> _EXERCISE AIM_
Among the entries below, find the lines that hold the word "Imagem" and report them.

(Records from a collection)

◆ ◆ ◆

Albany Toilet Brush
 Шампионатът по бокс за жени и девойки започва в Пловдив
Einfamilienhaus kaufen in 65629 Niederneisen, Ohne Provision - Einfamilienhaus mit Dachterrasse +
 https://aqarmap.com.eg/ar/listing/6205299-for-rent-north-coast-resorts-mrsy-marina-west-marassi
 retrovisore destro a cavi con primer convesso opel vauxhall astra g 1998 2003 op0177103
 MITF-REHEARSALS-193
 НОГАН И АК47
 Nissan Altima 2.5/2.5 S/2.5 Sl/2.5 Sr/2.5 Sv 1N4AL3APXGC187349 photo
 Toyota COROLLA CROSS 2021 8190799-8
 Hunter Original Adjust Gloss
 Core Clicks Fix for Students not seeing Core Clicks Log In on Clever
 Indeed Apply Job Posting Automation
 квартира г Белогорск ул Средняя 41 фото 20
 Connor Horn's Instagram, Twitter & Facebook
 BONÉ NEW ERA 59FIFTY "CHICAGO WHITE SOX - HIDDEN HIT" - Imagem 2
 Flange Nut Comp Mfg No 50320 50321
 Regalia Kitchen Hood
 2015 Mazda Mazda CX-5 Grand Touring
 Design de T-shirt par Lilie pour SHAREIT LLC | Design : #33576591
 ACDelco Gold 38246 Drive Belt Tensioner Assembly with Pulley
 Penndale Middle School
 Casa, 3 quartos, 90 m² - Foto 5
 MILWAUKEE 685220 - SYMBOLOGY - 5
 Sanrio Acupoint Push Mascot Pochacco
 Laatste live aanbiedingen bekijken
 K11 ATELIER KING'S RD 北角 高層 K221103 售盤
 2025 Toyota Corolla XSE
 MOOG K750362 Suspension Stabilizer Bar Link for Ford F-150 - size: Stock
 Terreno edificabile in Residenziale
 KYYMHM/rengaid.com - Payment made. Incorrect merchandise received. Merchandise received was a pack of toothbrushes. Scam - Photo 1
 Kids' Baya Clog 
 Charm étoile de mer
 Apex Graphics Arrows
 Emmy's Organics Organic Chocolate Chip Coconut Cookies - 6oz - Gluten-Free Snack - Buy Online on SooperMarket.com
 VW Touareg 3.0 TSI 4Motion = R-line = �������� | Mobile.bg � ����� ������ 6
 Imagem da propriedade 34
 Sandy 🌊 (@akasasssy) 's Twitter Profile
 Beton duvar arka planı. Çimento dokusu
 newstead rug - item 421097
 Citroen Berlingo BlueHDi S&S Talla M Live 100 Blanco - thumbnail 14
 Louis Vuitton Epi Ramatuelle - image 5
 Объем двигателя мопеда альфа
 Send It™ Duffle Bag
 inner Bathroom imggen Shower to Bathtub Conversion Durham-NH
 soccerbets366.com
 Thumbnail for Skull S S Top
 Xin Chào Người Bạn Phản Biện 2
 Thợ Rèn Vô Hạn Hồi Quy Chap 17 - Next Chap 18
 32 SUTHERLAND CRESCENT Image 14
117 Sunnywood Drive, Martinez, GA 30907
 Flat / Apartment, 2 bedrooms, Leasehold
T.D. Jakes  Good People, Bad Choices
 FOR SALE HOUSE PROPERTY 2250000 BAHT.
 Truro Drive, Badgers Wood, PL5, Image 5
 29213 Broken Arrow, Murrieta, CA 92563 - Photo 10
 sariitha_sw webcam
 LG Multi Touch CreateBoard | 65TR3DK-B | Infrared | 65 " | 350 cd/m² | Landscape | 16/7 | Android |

◆ ◆ ◆

> _EXERCISE ANSWER_
 BONÉ NEW ERA 59FIFTY "CHICAGO WHITE SOX - HIDDEN HIT" - Imagem 2
 Imagem da propriedade 34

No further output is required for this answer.